NU alum and former HUD Secretary to lead nonprofit providing services to job seekers


(Source: Steve Preston)

Steve Preston (Weinberg ’82) was named as Goodwill International Industries, Inc.’s next president and CEO last week. Preston comes off a long and winding career as head of the Small Business Administration and Secretary of Housing and Urban Development.

Avi Varghese, Reporter

Steve Preston has had a long and winding career. After eight years at Lehman Brothers, three at First Data Corporation and a nearly decade-long tenure at ServiceMaster, Preston was nominated by President George W. Bush as head of the Small Business Administration to clean up after its much-criticized initial response to Hurricane Katrina.

His main advice to Northwestern students: focus on developing new skills during college, and maintain that focus throughout their careers.

“I would have never known that I was going to start as a banker, go on to be a CFO, run government agencies, run companies and now lead one of the largest not-for-profit organizations in the country,” Preston said. “That’s a path I would have never known I was going to have, but each step that way, I was able to benefit from things that I had learned throughout my prior life.”

Preston (Weinberg ’82) was named as Goodwill International Industries’ next president and CEO last week.
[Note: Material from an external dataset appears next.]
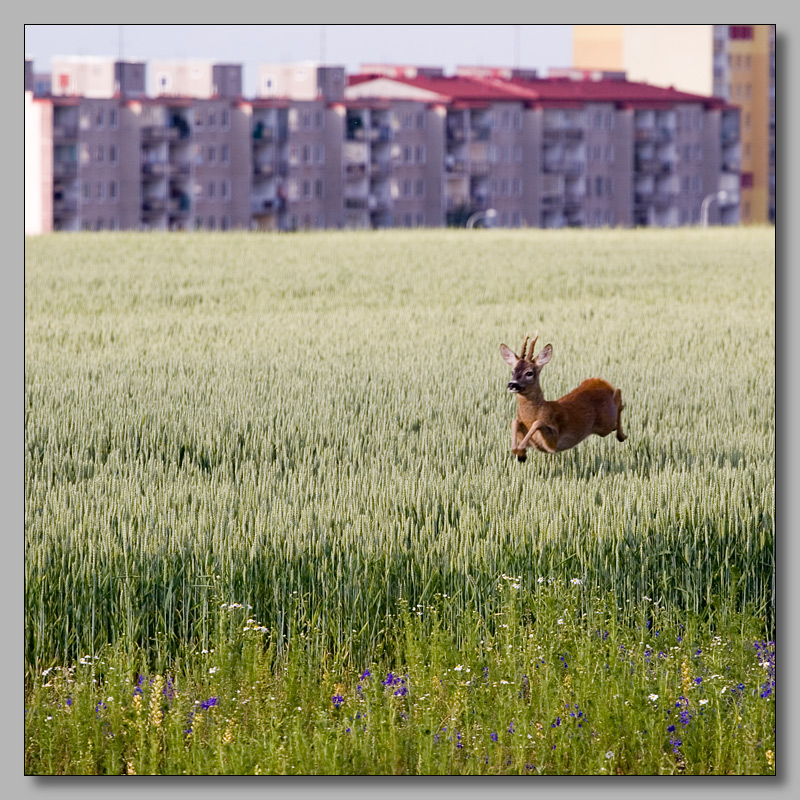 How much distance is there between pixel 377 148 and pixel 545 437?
6.26ft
He will take over at the nonprofit — which uses revenues from more than 3,300 thrift stores to provide skill development, financial coaching and a variety of other services to job seekers — next January.

The 58-year-old spoke with The Daily from Puerto Rico, where he’s been working for Liberty Advisor Group as a consultant to an unnamed “large foundation” that aims to assist in redevelopment efforts after Hurricane Maria struck in 2017.

Preston was unanimously voted in as Small Business Administration administrator and headed the agency until 2008, when he was tapped to become Secretary of Housing and Urban Development after Secretary Alphonso Jackson resigned. He left the government sector with the arrival of the Obama administration, returning to corporate life for the next decade.

With his experience from the post-Katrina recovery at the Small Business Administration and his oversight during hurricanes Gustav and Ike, as well as continued post-Katrina efforts to rebuild public housing at HUD, Preston is uniquely positioned to understand the role of both business and government, in what he described as a complex situation with a number of funding sources and pathways. He’s meeting with government officials from Washington, D.C. and Puerto Rico as well as other philanthropic organizations and NGOs on the ground to see how the foundation can best assist with the island’s recovery, from housing to power.

“The opportunities are massive and multifaceted, so part of this is figuring out where there’s an opportunity to be most effective in driving change for the people of Puerto Rico,” Preston said.

At Goodwill, Preston will preside over the company’s corporate component, which oversees 161 localized organizations. He said the structure of the company would provide a new challenge, but his experiences overseeing the launch of the Small Business Administration’s e200 Emerging Leaders initiative — which provides free entrepreneurship services and training to cohorts of companies in underserved cities — made him enthusiastic about the possibilities.

“(Overseeing Goodwill) is more akin to being a franchisor, where you’ve got the individual organizations that actually run themselves but you’re providing all kinds of support… that they may not be able to do as a local organization,” Preston said. ”You’ll be able to see people doing really innovative, inventive things on the ground that we can then leverage and show other people.”